At this time, the mean value of RMSE has dropped significantly, but the model is still unstable (large fluctuations), which shows that the differences in each time period of the current time series are large, and the fitting results of the current model are average. Although the performance of the model can be improved by increasing the amount of data in the training set, the extremely unstable results demonstrate that the generalization ability of the current model is lacking. Just like when using AIC, we can only choose a timing model with better performance (only the best), but cannot choose a perfect timing model. When we give up the best parameters selected by auto_arima and choose a model with other parameters, the results may be more unstable.

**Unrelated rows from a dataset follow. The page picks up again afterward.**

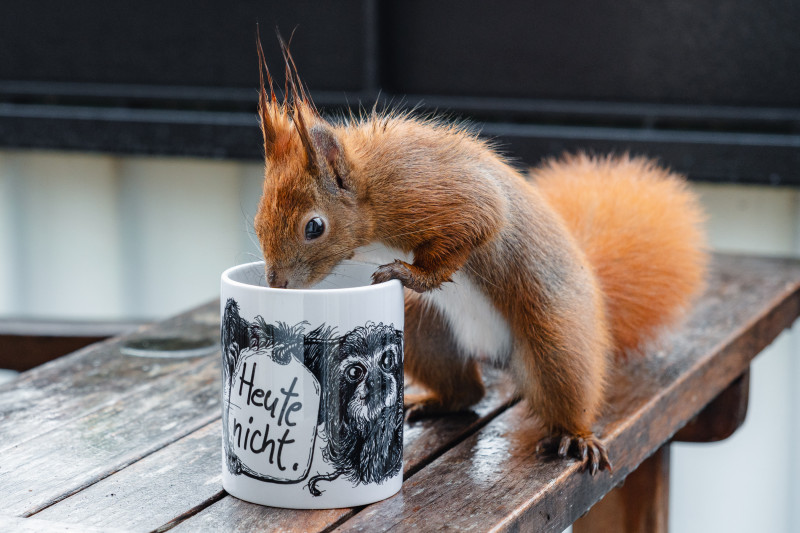 Ein rotes Eichhörnchen mit nassem Fell schaut neugierig in eine Tasse.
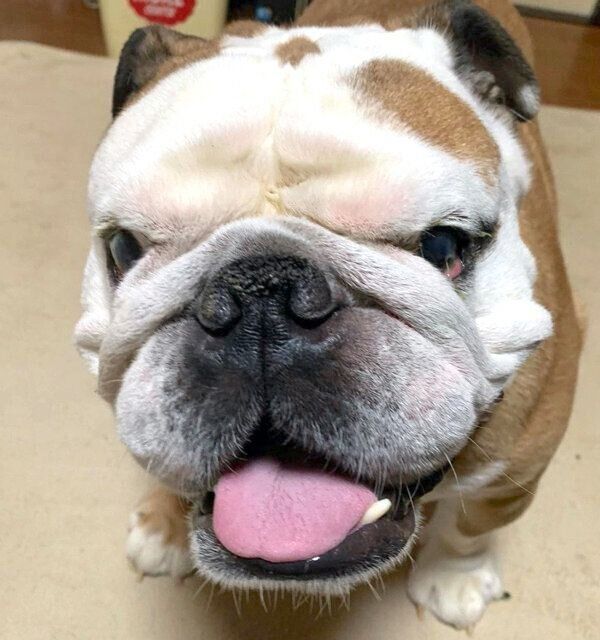 笑顔のぶるおくん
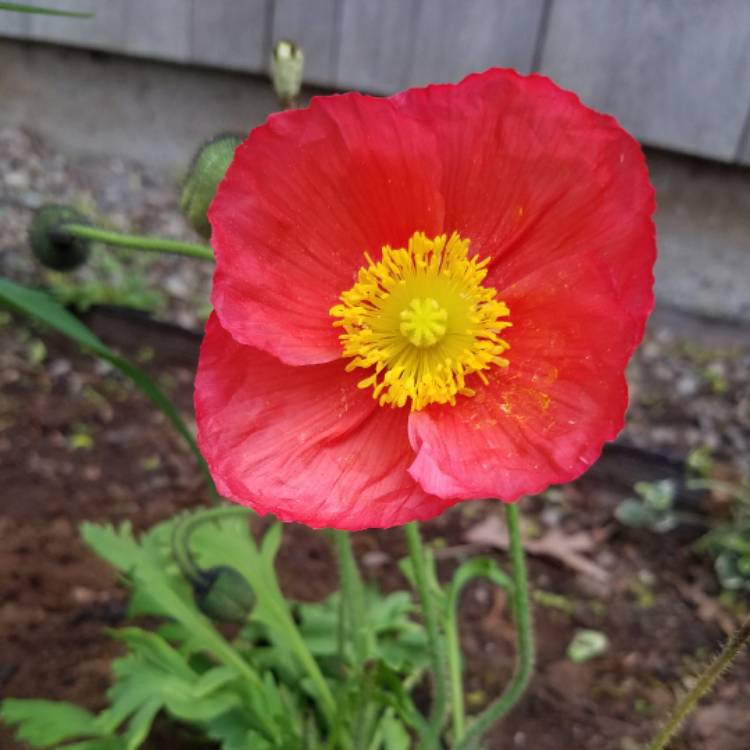 Plant image Papaver nudicaule 'Artist's Glory'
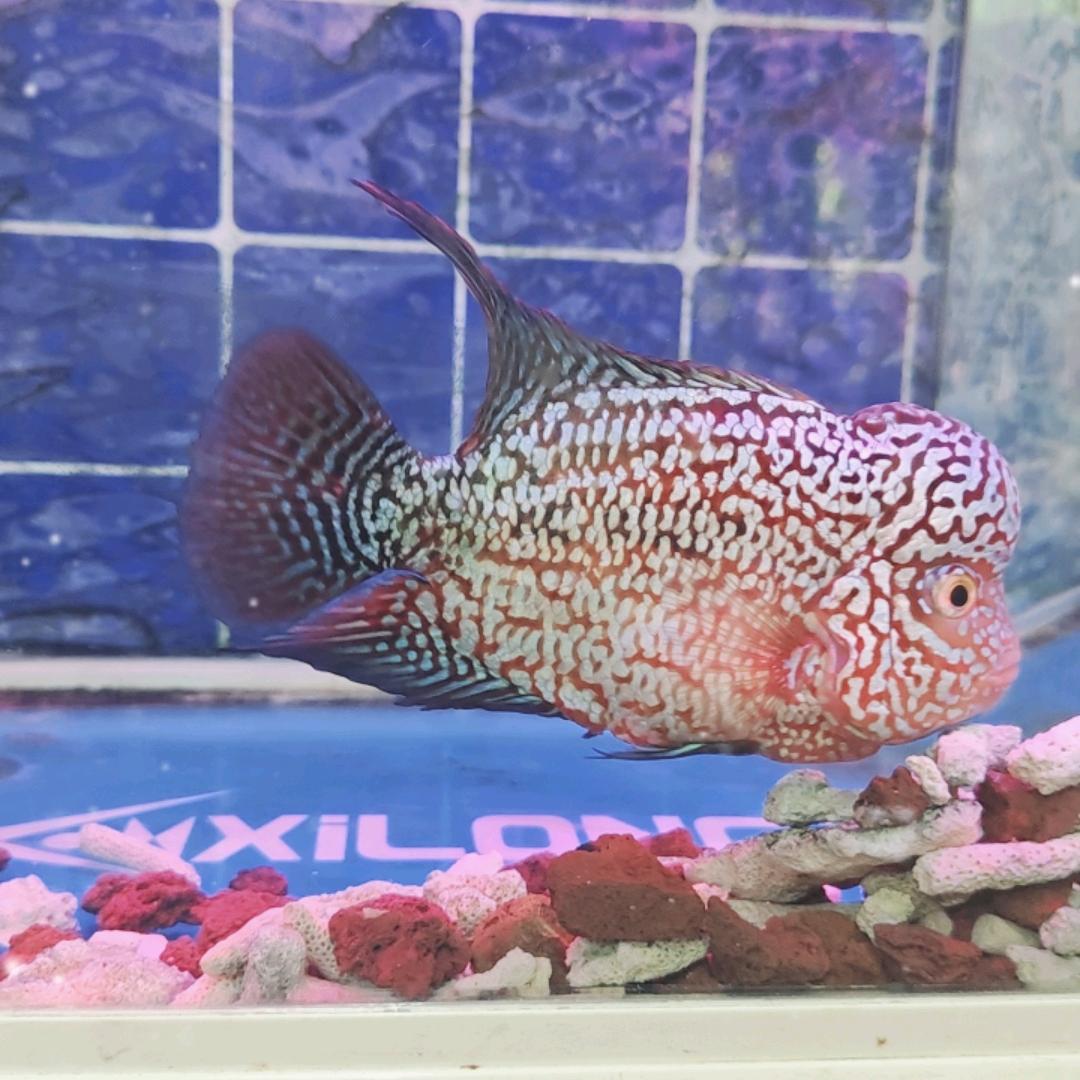 爱养罗汉鱼的菜鸟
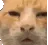 HUHHcat
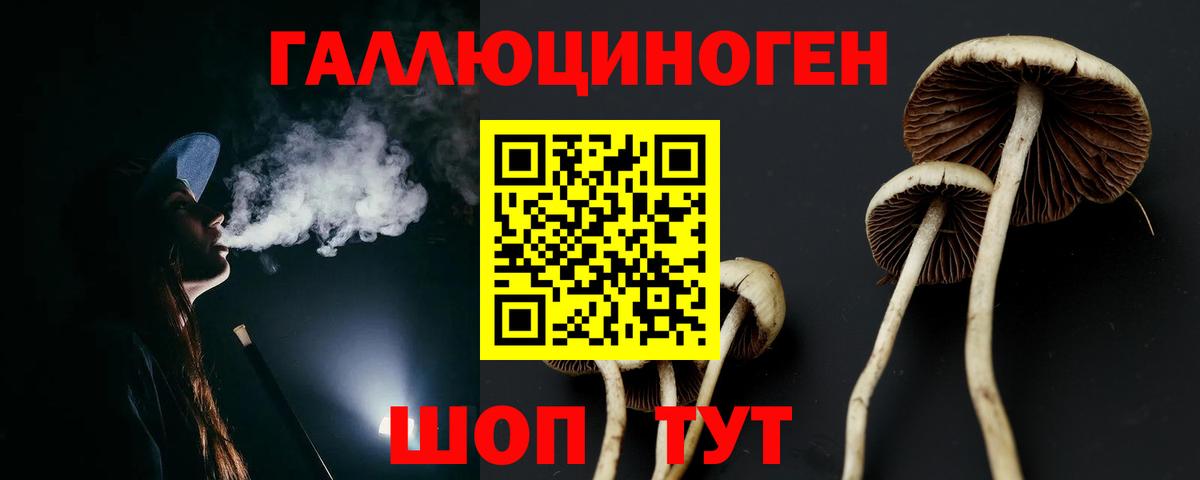 Псилоцибиновые грибы Cubensis Волжск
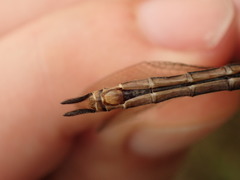 Somatochlora brevicincta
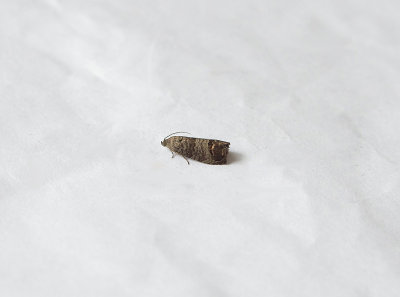 CODLING MOTH ( Cydia pomonella ) . TOPSHAM . DEVON . 4 . 8 . 2018 .JPG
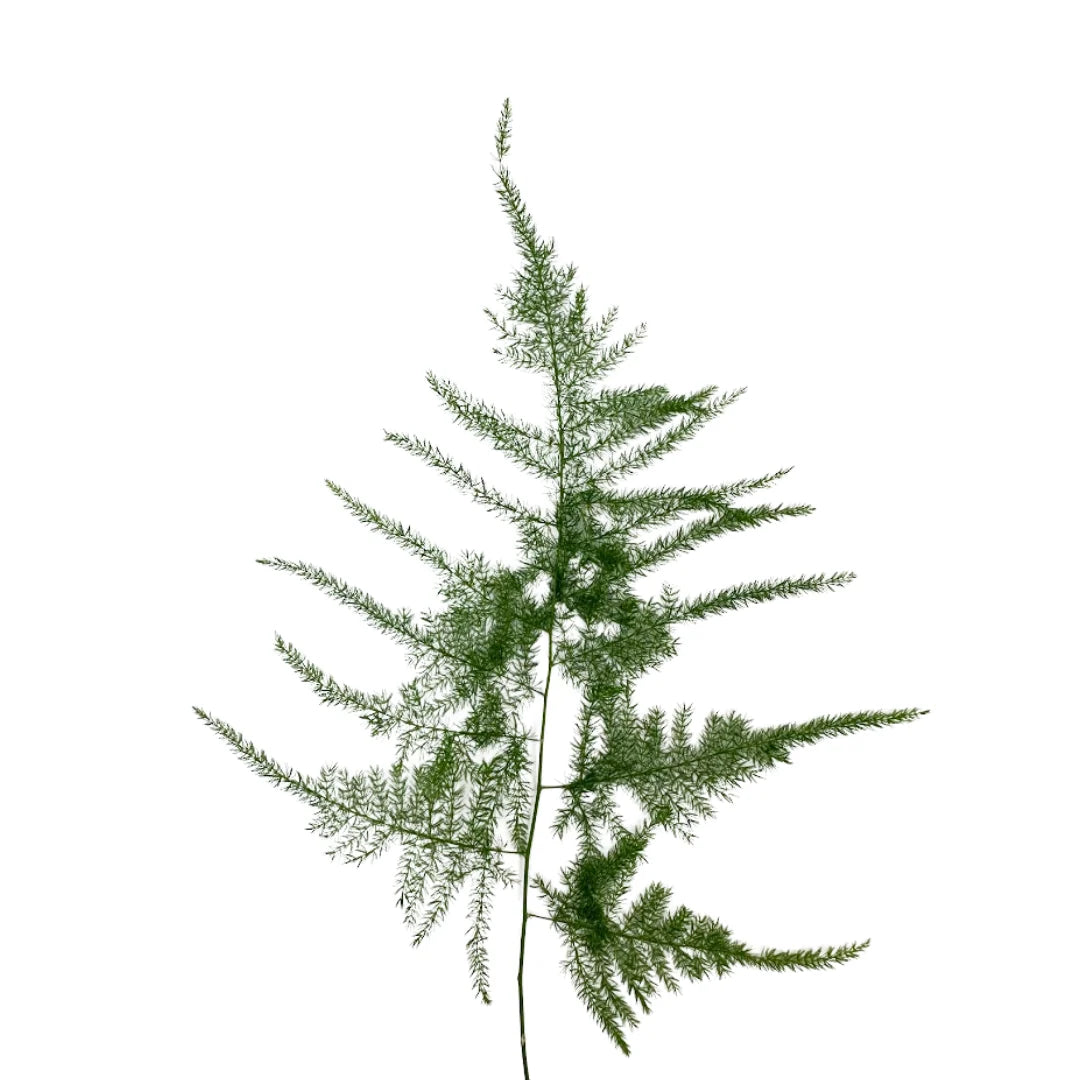 Plumosa Fern — Feathery Wispy Green (10-Stem Bunch)
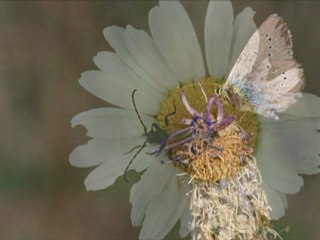 Expo Photo 2010 Clic Triel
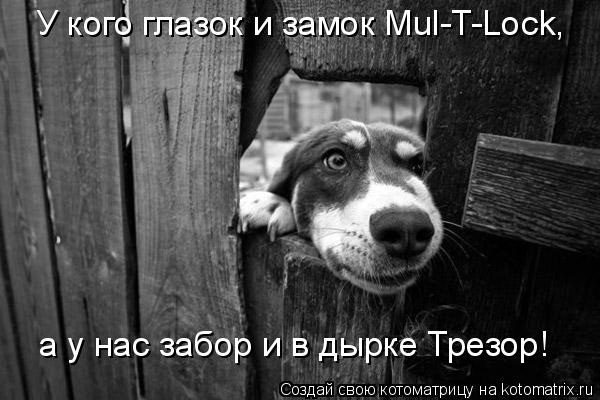 У кого глазок и замок Mul-T-Lock, а у нас забор и в дырке Трезор!... Котоматрица: У кого глазок и замок Mul-T-Lock, а у нас забор и в дырке Трезор!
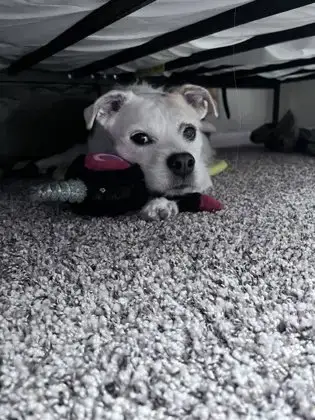 Coco photo 2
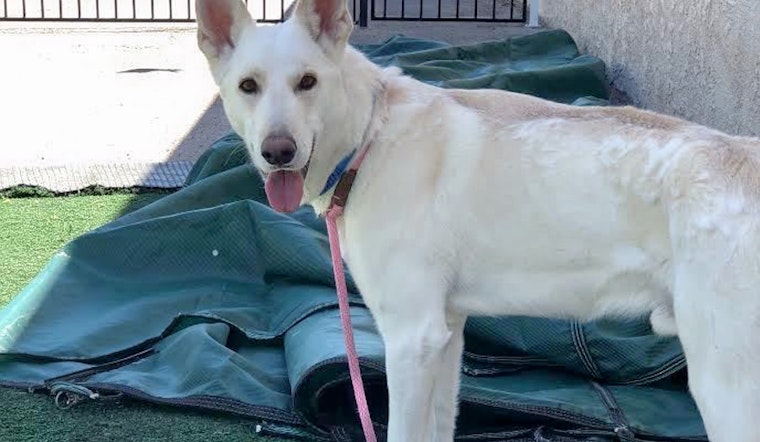 Dogs in Las Vegas looking for their furr-ever homes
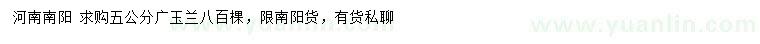 求購5公分廣玉蘭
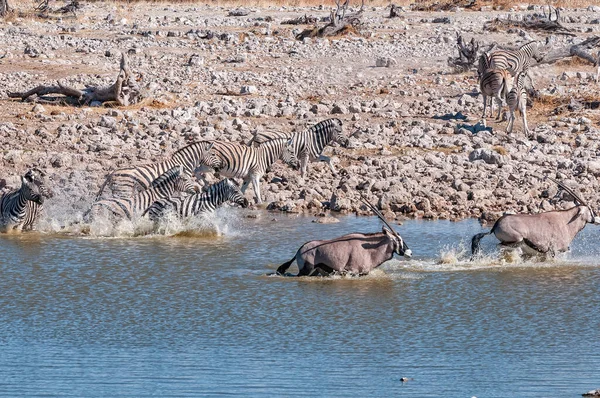 在纳米比亚北部的一个水坑里 一群惊慌失措的斑马和羚羊正在奔跑 — 图库照片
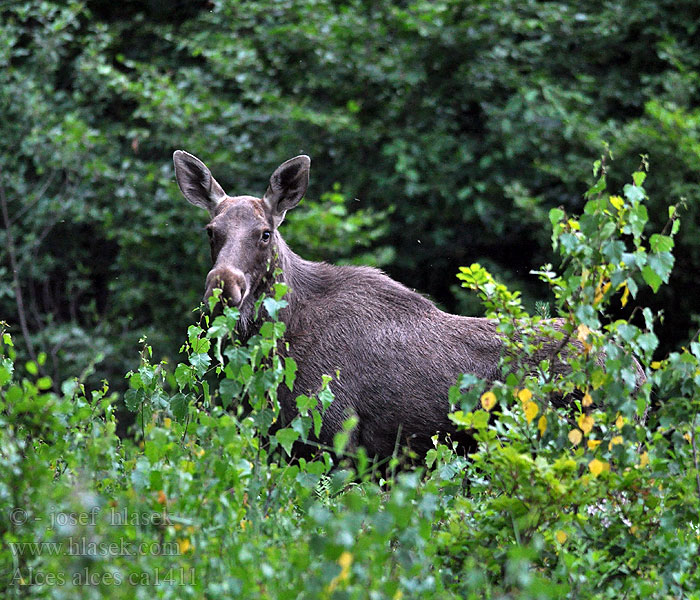 Alces alces Eland Elsdyr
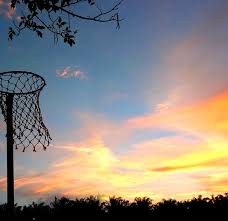 Image result for Sydenham Ladies Netball Club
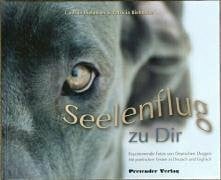 Seelenflug zu Dir / The Soul's Flight to you: Faszinierende Fotos von Deutschen Doggen mit poetischen Texten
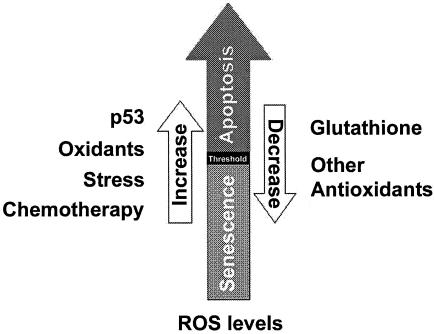 FIG. 8.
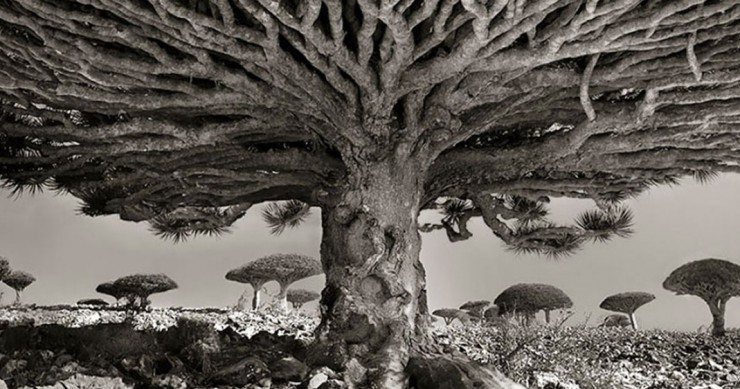 UNE-arbre-ancine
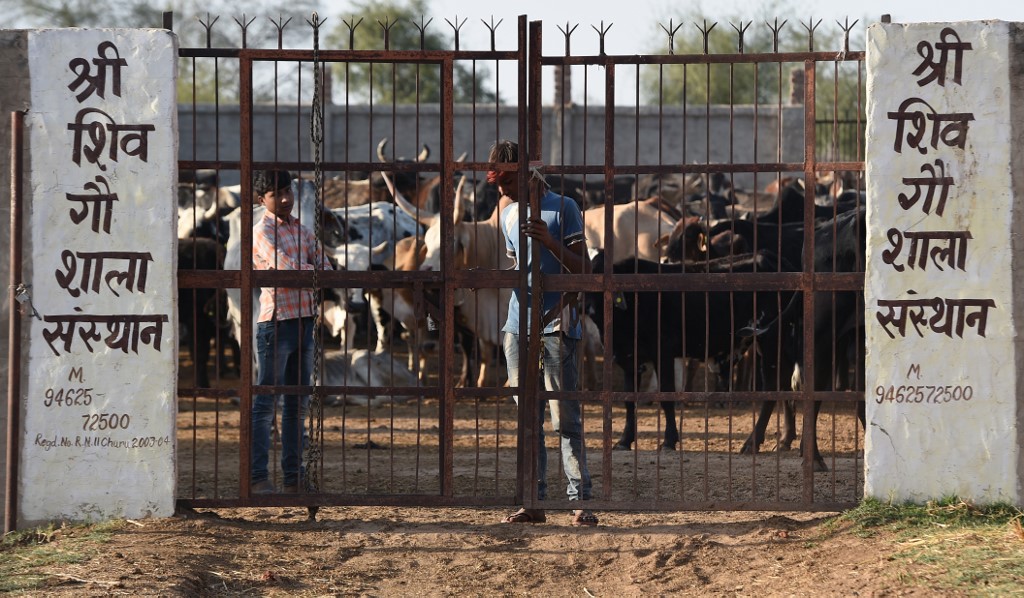 Cows come home to haunt India's Modi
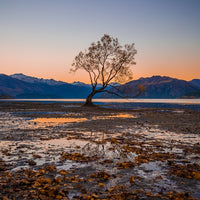 The Wanaka Tree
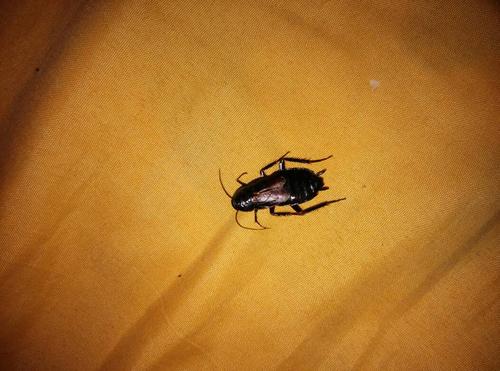   分享到:  16 分钟前  提问者采纳 蜚蠊(fěi lián 蟑螂)泛指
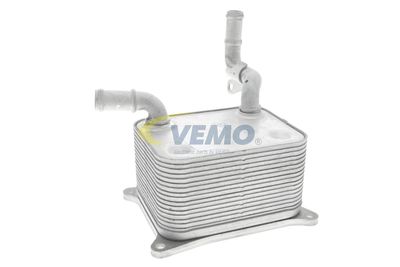 RADIATOR ULEI ULEI MOTOR VEMO V15600013 33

Did you notice a detail? Temporal cross-validation does not return scores on the training set, and pmdarima’s prediction function predict does not accept predictions into the past. Generally speaking, our criterion for judging overfitting is that the results on the training set are much better than the test set. However, time series cross-validation does not return the training set score, so time series data cannot be judged by comparing the results of the training set and the test set. Overfitting. But in the world of time series, the concept of “overfitting” still exists. We can use the results of cross-validation to determine which time series model under different parameters has a lighter degree of overfitting.
Generally speaking, the model with the best score on the validation set tends to have the smallest risk of overfitting, because when a model learning can be strong enough and is neither overfitting nor underfitting, the training set and validation set scores of the model will It should be highly close, so the better the validation set score, the more likely it is that the validation set score will be closer to the score on the training set. Therefore, in the case of multiple model comparisons, we can select the best model just by observing the scores on the test set. This best model is the model with the best performance and the model with the smallest risk of overfitting (not absolute).